July issue 2016
Art Review: Kiran Saleem
In 1936, the renowned German cultural theorist Walter Benjamin wrote a seminal essay titled The Work of Art in the Age of Mechanical Reproduction. He highlighted how modern printing technology had allowed artwork to “escape” the museum where it had hitherto existed within a specific context of time and space. Even as the reproducibility of art allowed it to be viewed by a mass audience, who had only to lift a book in which the images had been printed, the authenticity of the original context was lost.
Eighty years after the publication of Benjamin’s essay, Sanat Gallery held an exhibition of work by Kiran Saleem titled, To see, or not to see. The show exhibits some of the “escapees” in a new and anachronistic context. Kiran’s choice and treatment of subject matter address the questions raised by Benjamin’s essay with near text-book precision. She has chosen iconic works from western art which she has only seen in reproduction. The original works have undergone two iterations. The first one by reproduction through print and visual media; the second iteration is as a Kiran “original” altered as they are by her idiosyncratic touches.

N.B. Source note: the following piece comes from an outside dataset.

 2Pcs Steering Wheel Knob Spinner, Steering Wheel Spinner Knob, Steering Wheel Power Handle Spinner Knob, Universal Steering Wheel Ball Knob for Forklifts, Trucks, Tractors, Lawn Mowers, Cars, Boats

Her material is pulled from as far back as the fifteenth century. There is van Eyck, Raphael, Leonardo and Lucas Cranach the Elder. Rembrandt emerges from the seventeenth century, and Courbet, Monet and Kahlo inch us towards modernity. Except for a large digital print of Leonardo’s ‘Mona Lisa’ (in which La Gioconda’s face has been replaced by that of Kiran’s), the remaining works are all oil-on-canvas. Kiran’s ability to replicate the painters’ brush strokes would be the envy of any high quality art forger. She captures with virtuosity the changes from the smooth, linear painting technique of the fifteenth century to the more painterly style that develops in the seventeenth century.
So what, one may ask, is the original aspect of these works? In the nicely produced colour brochure which accompanies the exhibition, there is an artist’s statement in which she explains:
I take printed images of western paintings to reinforce the idea of what I see, interpret, and record the shift of perception which takes place upon discovery through a remote or second hand source, as I have never seen these paintings in real and the only format in which these paintings are experienced is either through web or printed paper.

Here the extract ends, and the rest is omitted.